PyData NYC 2022

High-Dimensional Data Visualizations with MDS, t-SNE, and UMAP
11-11, 15:30–17:00 (America/New_York), Winter Garden (5th floor)

High-dimensional visualization techniques are machine learning methods that project your dataset with all its variables into a two-dimensional map that will help you interactively explore the properties of your data, its clusters, and outliers. We demonstrate their potential and how to apply and interpret their often unintuitive results through real-world examples.

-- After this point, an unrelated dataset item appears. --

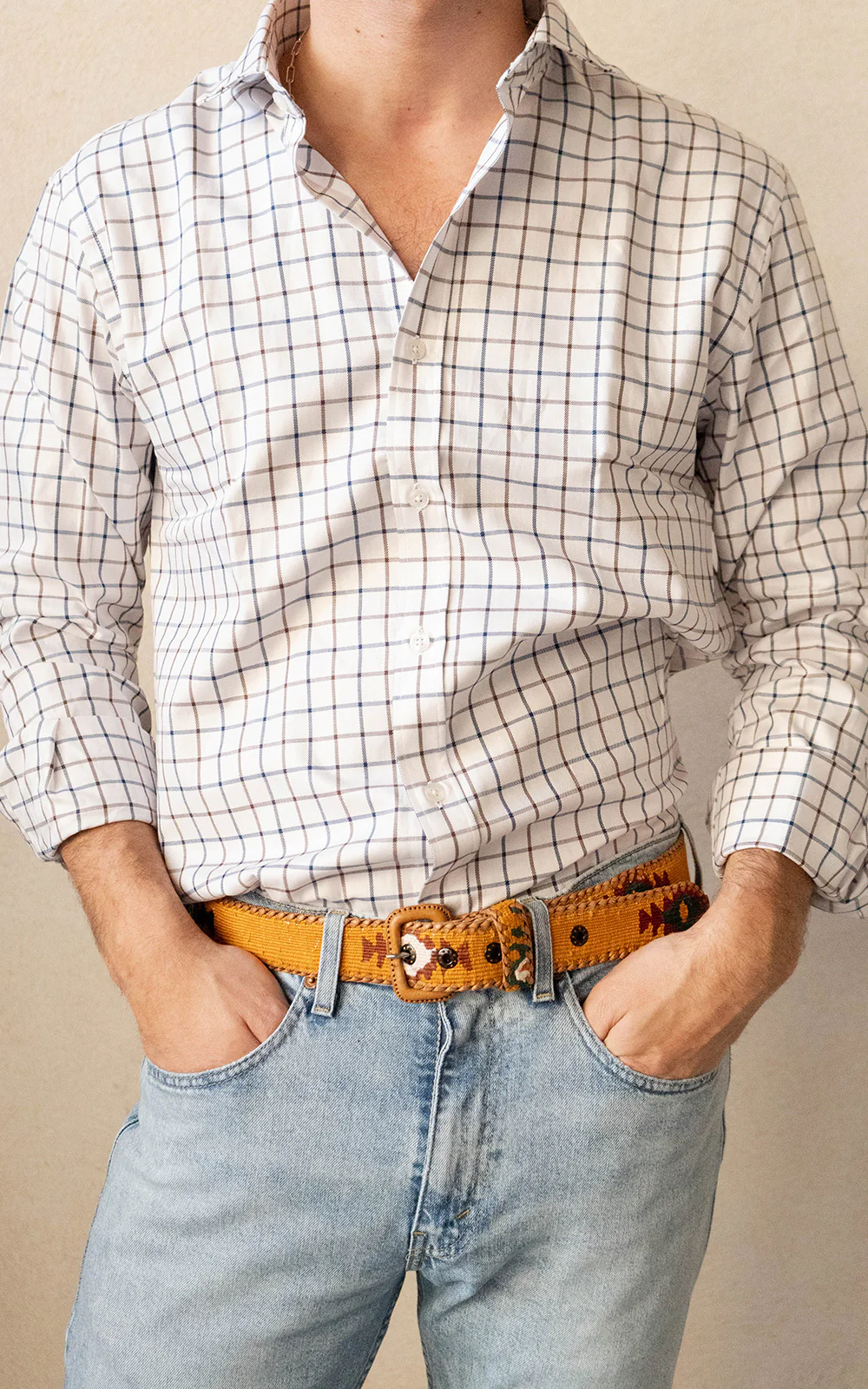 CAMISA OXFORD CUADROS MARRÓN GRIS - Imagen 4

The materials from the talk can be downloaded from:
https://github.com/mihalis/HDVisualizations


As your data grows in the number of variables or dimensions, it is harder to visualize it. High-dimensional data visualization methods will project your entire dataset with all its variables into a two-dimensional map that will help you interactively explore the properties of your data, its clusters, and outliers. The oldest methods, principal component analysis (PCA) and multidimensional scaling (MDS) are still the most frequently used and understood but will likely fail to uncover your data's local structure, including clusters. Algorithms developed in the last ten years, such as t-SNE, and UMAP, are much better at revealing the data points that are similar (neighbors) or very dissimilar to others (outliers). Their interpretation is not intuitive, and many data scients are unaware of their capabilities.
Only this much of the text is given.